Fernanda Lira, da Crypta, canta hit de Amy Winehouse e interpretação surpreende fãs
Por Gustavo Maiato
Postado em 18 de julho de 2023
A cantora e baixista Fernanda Lira, da Crypta, é conhecida por sua voz gutural. Em seu Instagram, entretanto, ela surpreendeu os fãs ao interpretar a música "Love is a Losing Game", da saudosa Amy Winehouse.
O vídeo mostra Fernanda Lira na beira do Rio Salzach, na fronteira da Alemanha com a Áustria. O canto sem a utilização da técnica gutural e com todos os trejeitos da versão original chamou atenção.
Relaxando e cantando às margens do rio Salzach em Salzburgo, Áustria, antes do nosso show lá! Qual música você gostaria de me ver cantando aleatoriamente nessas caminhadas ao redor do mundo? Comente, e eu escolherei uma!
Muitas vezes, quando me sinto sobrecarregada por qualquer motivo durante uma turnê, eu saio sozinha por um tempo e apenas ando por aí, sinto a cidade, me permito tomar um bom chá ou comida vegana, sento-me com a natureza e presto atenção aos pequenos detalhes da vida ao meu redor.
Foi exatamente o que fiz ontem, e foi incrível! Passei cerca de quatro horas ou mais caminhando por Salzburgo e acabei passando por muitos dos pontos turísticos mais famosos da cidade!

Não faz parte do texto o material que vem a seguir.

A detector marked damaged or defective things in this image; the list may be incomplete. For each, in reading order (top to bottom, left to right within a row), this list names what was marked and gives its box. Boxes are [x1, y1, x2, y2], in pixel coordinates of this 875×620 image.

Mas o destaque, sem dúvida, foram os momentos junto ao rio, tão relaxantes!
Não só eu amo, como também anseio pela solidão às vezes, principalmente porque sou naturalmente muito sociável e extrovertida. Esses momentos são muito importantes para eu recarregar minhas energias e me reconectar com a pessoa mais importante da minha vida, que sou eu mesma ."

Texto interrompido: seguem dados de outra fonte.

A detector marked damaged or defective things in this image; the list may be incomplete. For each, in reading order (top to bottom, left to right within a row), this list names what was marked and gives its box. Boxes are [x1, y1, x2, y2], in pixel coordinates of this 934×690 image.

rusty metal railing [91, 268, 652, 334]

"Ficar longe do palco mexeu com minha saúde mental"
Ainda sobre a questão da saúde mental e como se sentir melhor em meio ao turbilhão de emoções, Fernanda Lira já havia tocado no assunto em outro post, também noticiado pelo Whiplash.Net.
"Esses dias li uma frase que era mais ou menos assim: ‘todo mundo fala do quanto é difícil viver de arte, mas poucos falam do quanto é difícil pro artista viver sem arte’. Essa frase me pegou de jeito, é muito verdade. Amanhã volto finalmente à rotina de shows e turnês. Sim, demoramos pra voltar por escolha da banda mesmo, negamos diversas oportunidades, para voltar apenas quando a maioria dos países já tivesse acesso a todas as doses disponíveis de vacina e quando os números relacionados à covid estivessem mais brandos.
Por isso, fiquei quase dois anos e meio longe da minha arte preferida, que é a performance ao vivo nas turnês. Compor, resolver coisas da banda, planejar o futuro é tudo muito bom. Mas nada substitui o ao vivo. O palco sempre foi o clímax pra mim, o motivo para todo o meu corre.
Quanto estava mal após minha troca de bandas e no pico do transtorno de ansiedade, cheguei a, no auge da minha dor, questionar se eu era feita pra música. A distância dos palcos só me confirmou que sim.
Ficar longe do palco mexeu com minha saúde mental (ansiedade foi às alturas porque nada substitui a descarga de adrenalina e prazer de se estar no palco), com meu coração (ficar sem o contato com os fãs, sem o olhar no olho, sem a entrega e a troca me deixaram muito triste), e meu corpo físico (a falta do exercício q passei mais de 10 anos fazendo me trouxe contraturas musculares porque os músculos meio que enfraqueceram, deram uma definhadinha, tive q fazer fisioterapia pra escápula e para epicondilite).
Mas mexeu mais que tudo com a minha alma. De alguma maneira eu sinto que eu pertenço ao palco, à estrada, às pessoas, ao mundo, e ficar impossibilitada de fazer isso me fez sentir como se um pedaço da minha vida e de mim estivesse faltando. Eu quero fazer isso até quando minha mente e meu corpo aguentarem", concluiu.